Terça-feira, 23 de junho de 2026 - 07h57

CALCULO
O anúncio do prefeito de Porto Velho, Léo Moraes, de apoio à
pré-candidatura do senador Marcos Rogério ao Governo de Rondônia foi muito mais
do que um gesto protocolar. Foi um movimento político calculado, antecipado e
carregado de simbolismo eleitoral.
LEITURA
Ao subir ao palco do evento promovido pelo PL e declarar apoio ao
senador, indicando ainda o delegado Camargo como pré-candidato a
vice-governador, Léo sinalizou que já fez sua leitura do cenário de 2026 e
decidiu entrar em campo antes da maioria dos atores políticos.
REFERÊNCIA
Não se trata de um político qualquer. Hoje, Léo Moraes ocupa uma posição
rara na política rondoniense: é um dos poucos líderes capazes de mobilizar
simpatia popular para além das fronteiras partidárias. Sua alta aprovação administrativa
e sua capacidade de comunicação o transformaram em uma referência eleitoral de
peso, mesmo sem disputar mandato neste pleito.
PROMESSA
Ao justificar o apoio pelo volume de recursos destinados por Marcos
Rogério a Porto Velho e pela promessa de novos investimentos, Léo também
estabeleceu um contraste direto com o atual governo estadual, ao lembrar os R$
200 milhões que, segundo ele, teriam sido prometidos e não entregues à
capital. Ele agora aposta na promessa renovada por Marcos Rogério.
ANTECIPOU
O movimento surpreendeu porque muitos apostavam que a adesão ocorreria
apenas durante as convenções de julho. Não foi o que aconteceu. Léo decidiu
antecipar o apoio e assumir os riscos inerentes a uma eleição que promete ser
disputada e, possivelmente, resolvida apenas no segundo turno.
GARANTIA
É verdade que a história eleitoral mostra que apoios políticos não são
transferidos integralmente. O eleitor costuma fazer suas próprias escolhas,
guiado por identificação, confiança e empatia. Nem mesmo alianças consideradas
decisivas conseguiram, em eleições passadas, garantir uma transferência
automática de votos.
ANÁLISE
Mas ignorar o peso político de Léo Moraes seria um erro de análise. Em
Rondônia, lideranças com capacidade real de influenciar o eleitorado são cada
vez mais raras. E Léo reúne carisma, visibilidade e aprovação administrativa,
combinação que poucos possuem atualmente.
DESAFIO
Se conseguir transferir apenas uma parcela de seu capital político -
algo em torno de 30% - já terá produzido um impacto significativo na corrida
pelo Palácio Rio Madeira.

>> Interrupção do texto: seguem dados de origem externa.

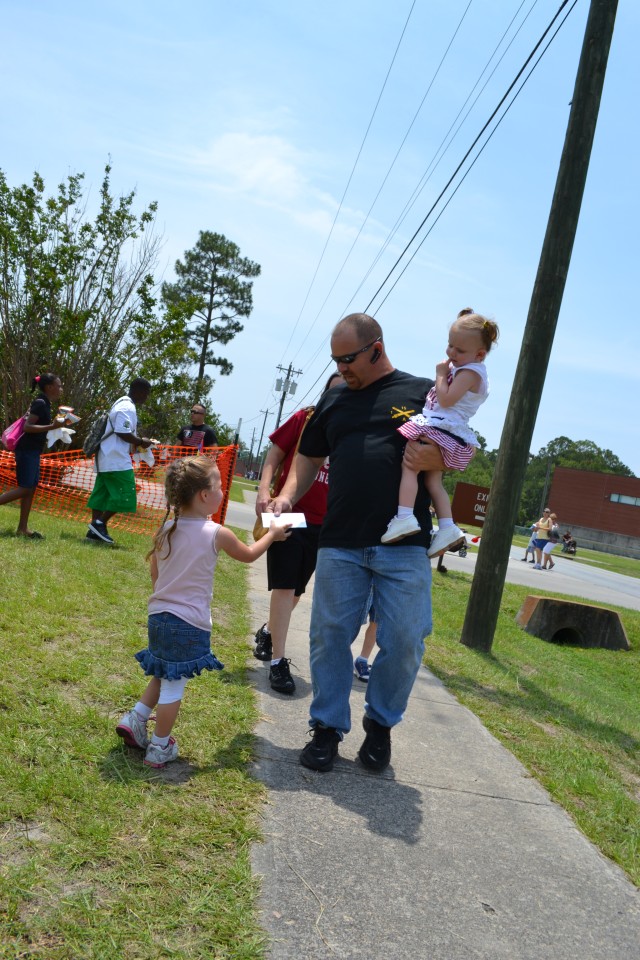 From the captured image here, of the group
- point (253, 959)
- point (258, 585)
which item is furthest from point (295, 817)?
point (258, 585)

Para Marcos Rogério, o apoio representa um ganho
estratégico inegável. O senador é reconhecido pela sólida formação política,
experiência parlamentar e domínio dos temas administrativos. Poucos questionam
sua capacidade técnica para governar. Seu desafio, porém, nunca esteve no
currículo.
ARROGÂNCIA
A dificuldade de Marcos Rogério reside justamente na construção de uma
conexão emocional mais ampla com o eleitorado. Em determinados momentos, sua
postura firme e excessivamente autoconfiante acaba transmitindo uma imagem de
distanciamento, característica que pode gerar resistência em um eleitor cada
vez mais atento ao comportamento dos candidatos. Um perfil assimilado pelo
eleitor de um cidadão vaidoso e arrogante.
EMPATIA
A política contemporânea exige mais do que preparo. Exige proximidade,
empatia e capacidade de gerar identificação. É justamente nesse ponto que Léo
Moraes pode se tornar peça fundamental. O prefeito possui atributos que
complementam fragilidades percebidas na candidatura do senador.
PROTAGONISTA
Ao fim e ao cabo, Marcos Rogério recebeu um dos apoios mais relevantes
da atual disputa. E Léo Moraes, mesmo sem disputar cargo algum, demonstra que
continuará sendo um dos protagonistas centrais das eleições de 2026 em
Rondônia.
BOLHA
A indicação do deputado estadual Delegado Camargo, pelo Podemos, para
compor como candidato a vice-governador na chapa encabeçada pelo senador Marcos
Rogério representa uma escolha coerente com a identidade política que o PL
pretende consolidar na disputa estadual.
GRAVITANDO
Entre os nomes pesquisados dos para a vaga, em pesquisas internas,
Camargo apareceu com o melhor perfil e o de maior capilaridade dentro do campo
conservador. Ainda assim, sua presença pouco amplia o alcance eleitoral da
chapa, pois gravita na mesma bolha ideológica do candidato ao governo.
LASTRO
Individualmente, não acrescenta novos contingentes de votos, mas confere
lastro ao discurso de endurecimento da segurança pública que Marcos Rogério
passou a entabular com maior intensidade, tema que, ao que tudo indica, ocupa
posição relevante nas pesquisas qualitativas do partido.
SEGURANÇA
A expansão das facções criminosas em Rondônia transformou a segurança
pública em um dos principais motes da campanha bolsonarista. O tema ganhou
ainda mais apelo político depois que o presidente dos Estados Unidos, Donald
Trump, passou a classificar organizações criminosas latino-americanas como
grupos terroristas. Em sintonia com essa narrativa, a chapa procurou alinhar seu
discurso ao imaginário do enfrentamento sem tréguas ao crime organizado.
MARKETING
A estratégia ficou
evidente no evento realizado no espaço Talismã, onde foi exibido aos
correligionários um vídeo cuidadosamente produzido pela equipe de marketing.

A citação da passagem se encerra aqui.